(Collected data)
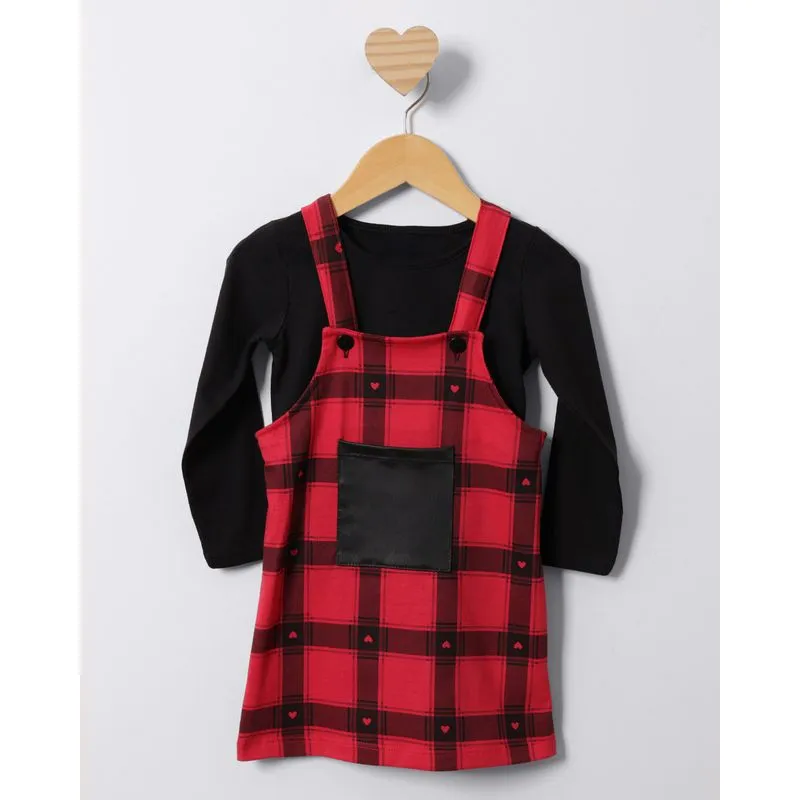 Conjunto Salopete Bebê Curto Estampado Xadrez Vermelho 3
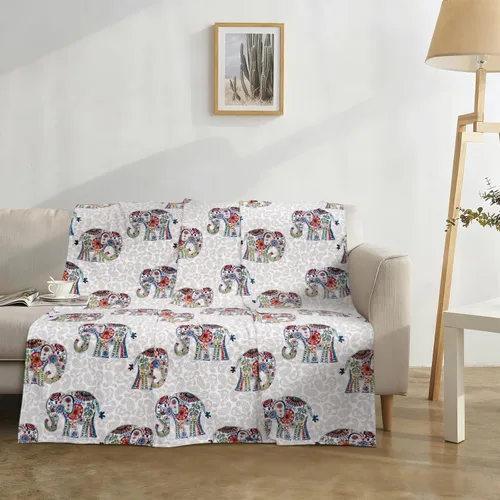 Vista 2 de Manta de franela de 50 x 60 pulgadas, manta de elefante bohemio bohemio floral para sofá, cama, regalos de elefantes para mujeres y adultos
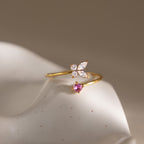 18K Gold Flutter Obsession Pink Butterfly Cuff Ring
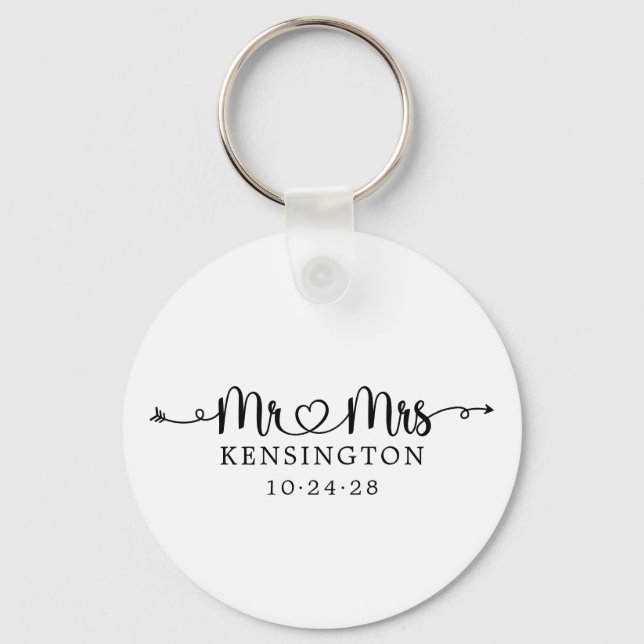 Chaveiro Personalizado Sr. Script Typografia Wedding (Frente)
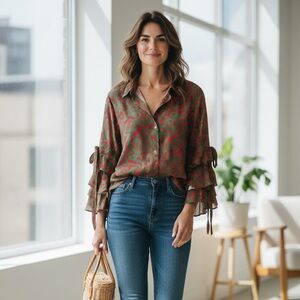 Bold Green and Pink Blouse with Ruffled Bell Sleeves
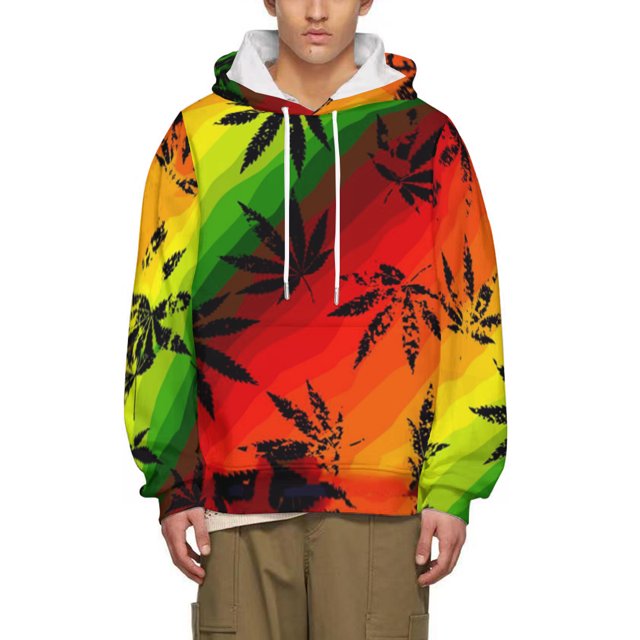 Sweat à Capuche Mode Hommes Décontracté Mode Feuille Impression Numérique 3D Manches Longues Chandail en Molleton Fête Rue Populaire Haut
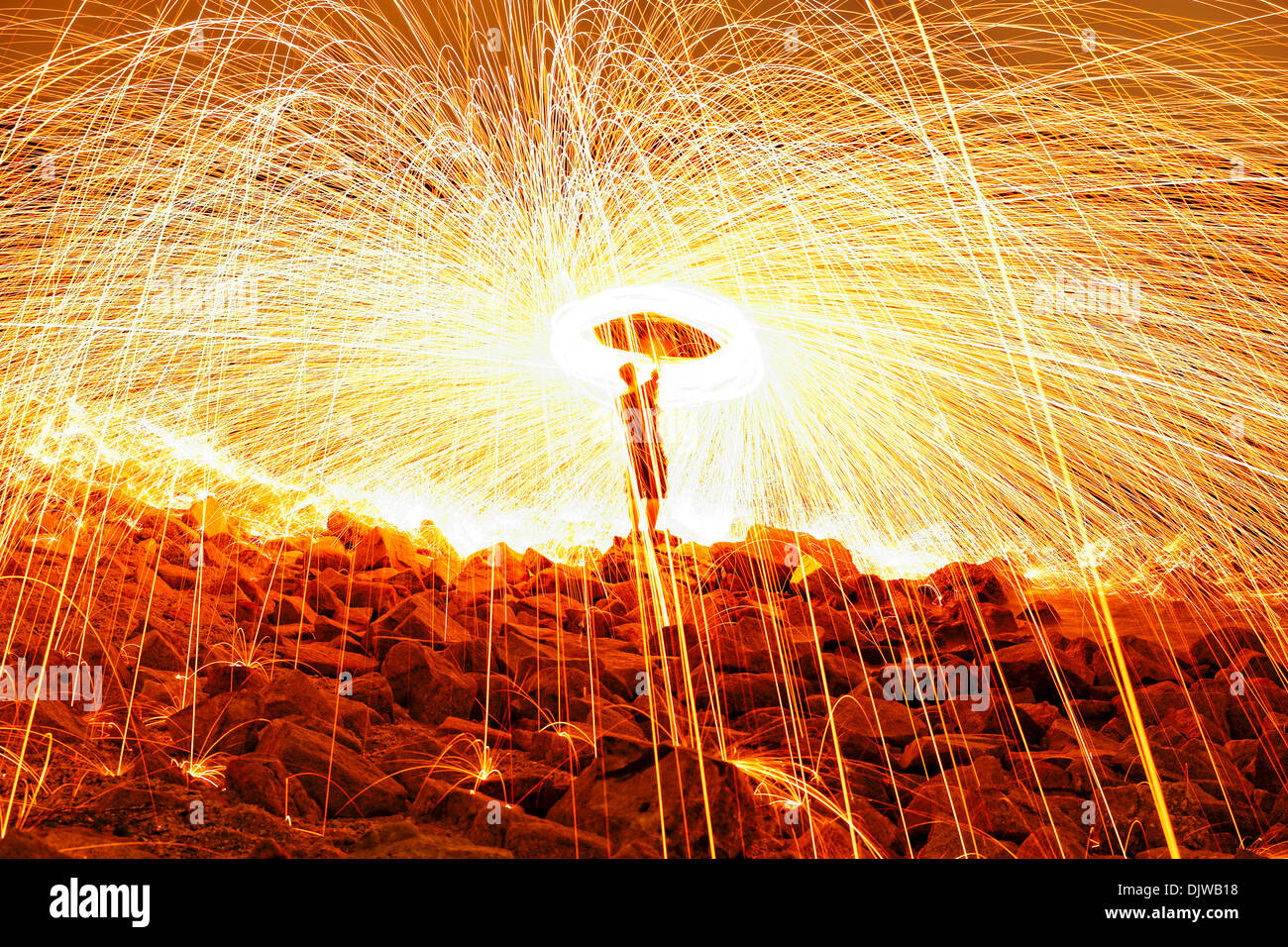 Burning steel wool fireworks Stock Photo Alamy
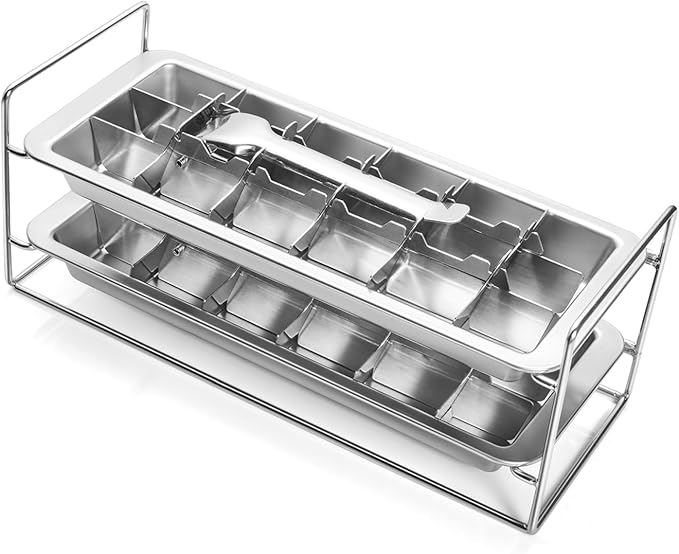 Metal Ice Cube Trays, Stainless Steel Ice Cube Trays, 18-Slot Ice Cube Tray by VBQFDPH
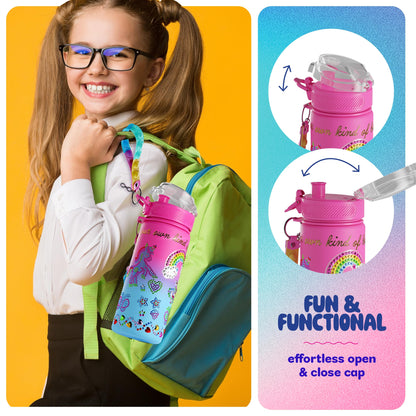 Decorate Your Own Glow-in-the-dark Water Bottle Kit for Girls - 6 7 8 Year Old Girl Birthday Gift Ideas - Gifts for Girls Ages 6-7 6-8 - Arts and Crafts for Kids Age 6-8 - Unicorn Mermaid Toys - Available at All In One Marketplace Canada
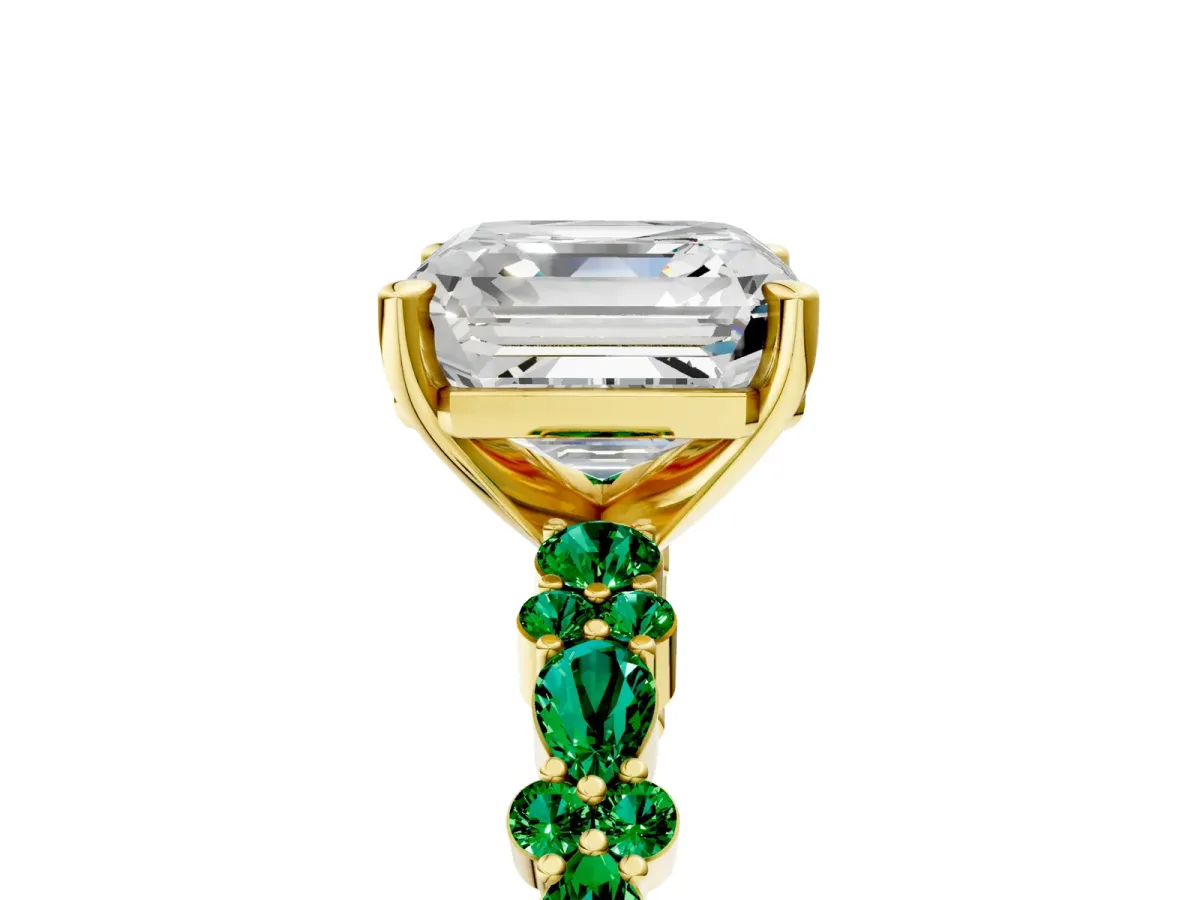 Asscher Cut Diamond Side Stone Solitaire Ring with Round Emerald and Four-Prong Setting Yellow gold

> [Problem requirements]
Type out all the records verbatim, minus images.

> [Answer box]
 Conjunto Salopete Bebê Curto Estampado Xadrez Vermelho 3
 Vista 2 de Manta de franela de 50 x 60 pulgadas, manta de elefante bohemio bohemio floral para sofá, cama, regalos de elefantes para mujeres y adultos
 18K Gold Flutter Obsession Pink Butterfly Cuff Ring
 Chaveiro Personalizado Sr. Script Typografia Wedding (Frente)
 Bold Green and Pink Blouse with Ruffled Bell Sleeves
 Sweat à Capuche Mode Hommes Décontracté Mode Feuille Impression Numérique 3D Manches Longues Chandail en Molleton Fête Rue Populaire Haut
 Burning steel wool fireworks Stock Photo Alamy
 Metal Ice Cube Trays, Stainless Steel Ice Cube Trays, 18-Slot Ice Cube Tray by VBQFDPH
 Decorate Your Own Glow-in-the-dark Water Bottle Kit for Girls - 6 7 8 Year Old Girl Birthday Gift Ideas - Gifts for Girls Ages 6-7 6-8 - Arts and Crafts for Kids Age 6-8 - Unicorn Mermaid Toys - Available at All In One Marketplace Canada
 Asscher Cut Diamond Side Stone Solitaire Ring with Round Emerald and Four-Prong Setting Yellow gold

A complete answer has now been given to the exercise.